“We like to tell people we met in a psych unit. We were both working there at the time. He’s been in the National Guard for nine years, and his unit deploys every five. I spent a month in Zambia awhile back and I remember thinking about the importance of embracing the culture. I’ve approached military life the same way. It has its own culture, and it’s much easier to understand if you jump in with both feet viewing it that way. We’ve been married almost a year now and he just left for an eleven month deployment.
“The day of deployment, I dropped him off at the tiniest airport. About three minutes into our trip there we both started tearing up. We said our goodbyes and I booked it out of the airport. A friend rode with me in the car on the way back, and I cried a lot.
“When I got home, I found he had hidden 20 Post-it notes around the apartment. A friend came over the night he left to watch a movie, and slowly I found my new normal. It’s still hard, crawling into bed by yourself each night, not being able to talk when you want to.

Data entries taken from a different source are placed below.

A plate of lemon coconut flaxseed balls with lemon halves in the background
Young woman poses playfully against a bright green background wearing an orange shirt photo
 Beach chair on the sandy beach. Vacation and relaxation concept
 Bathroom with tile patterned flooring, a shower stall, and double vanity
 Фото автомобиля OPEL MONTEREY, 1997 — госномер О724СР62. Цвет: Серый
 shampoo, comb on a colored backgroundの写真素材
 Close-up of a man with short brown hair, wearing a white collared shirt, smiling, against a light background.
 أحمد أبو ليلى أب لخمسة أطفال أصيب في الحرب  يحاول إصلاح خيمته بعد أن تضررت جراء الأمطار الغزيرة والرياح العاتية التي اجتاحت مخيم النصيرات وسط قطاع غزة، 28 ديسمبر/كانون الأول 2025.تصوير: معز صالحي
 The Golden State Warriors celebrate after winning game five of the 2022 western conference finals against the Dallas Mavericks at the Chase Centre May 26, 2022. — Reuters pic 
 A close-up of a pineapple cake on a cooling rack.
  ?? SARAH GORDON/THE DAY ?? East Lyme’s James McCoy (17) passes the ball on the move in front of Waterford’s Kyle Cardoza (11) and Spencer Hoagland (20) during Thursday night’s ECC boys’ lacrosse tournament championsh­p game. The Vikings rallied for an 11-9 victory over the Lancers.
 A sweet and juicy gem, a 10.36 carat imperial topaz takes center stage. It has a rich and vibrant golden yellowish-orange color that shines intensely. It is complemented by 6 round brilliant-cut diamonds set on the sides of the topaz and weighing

“One thing people might not think about is how hard the anticipation of deployment is – at least as difficult as the deployment itself. The time leading up to it is so hard, but I’ve learned more about myself in the last few months than I have in the last several years. We’re all praised to be independent and not need help, and no one wants to feel dependent or needy. But you learn a new level of vulnerable, and what that really means. You learn the importance of regular self-care, and prioritizing it like you would a doctor’s appointment. You learn that it’s not a weakness but a strength to be able to ask for help. And I know that when this deployment is over, I will have an incredible sense of accomplishment.”